Auteur : Moon of Alabama (Etats-Unis) | Editeur : Walt | Mardi, 03 Déc. 2019 - 09h00

Étant données les révélations relatives à la manipulation par la direction de l’OIAC [Organisation pour l’Interdiction des Armes Chimiques] des rapports établis par son personnel, l’ancien inspecteur en désarmement de l’ONU, Scott Ritter, fait valoir un point très intéressant :

« Selon une note interne explosive, il n’y aurait aucune raison de croire les affirmations de l’opposition syrienne selon lesquelles le gouvernement du président Bachar al-Assad aurait utilisé des armes chimiques contre des civils innocents à Douma, en avril dernier. C’est un scénario que je remets en question depuis le début. Cela remet également en question toutes les autres conclusions et rapports de l’OIAC, qui avait été chargée en 2014 « d’établir les faits entourant les allégations d’utilisation de produits chimiques toxiques, apparemment du chlore, à des fins hostiles en République arabe syrienne ».

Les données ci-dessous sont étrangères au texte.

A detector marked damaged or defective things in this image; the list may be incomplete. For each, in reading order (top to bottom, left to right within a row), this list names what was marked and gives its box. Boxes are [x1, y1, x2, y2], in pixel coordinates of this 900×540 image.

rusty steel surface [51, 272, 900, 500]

Outre ses activités autour d’un incident « chimique » douteux en Syrie, il y a un autre cas assez célèbre dans lequel l’OIAC fut impliquée : l’attaque présumée au « Novichok » contre Sergei et Julia Skripal à Salisbury, en Grande-Bretagne.

Nous avions déjà discuté de la participation de l’OIAC dans l’affaire Skirpal, dans notre article du 15 avril 2018 : les Skripals ont-ils été drogués, « novichokés » ou ni l’un ni l’autre ?

« Le ministre des Affaires étrangères de la Fédération de Russie, Sergey Lavrov, a lancé une bombe contre les déclarations britanniques affirmant que le malaise de l’agent secret britannique Sergej Skripal et de sa fille Yulia, le 4 mars à Salisbury, avait été causé par l’agent neurotoxique ‘Novichok’, d’un genre développé par la Russie.

L’empoisonnement des Skripal a eu lieu le 4 mars.

    • Des témoins oculaires ont décrit les Skripals comme étant désorientés et probablement soumis à des hallucinations. Le personnel d’urgence soupçonnait une intoxication au Fentanyl.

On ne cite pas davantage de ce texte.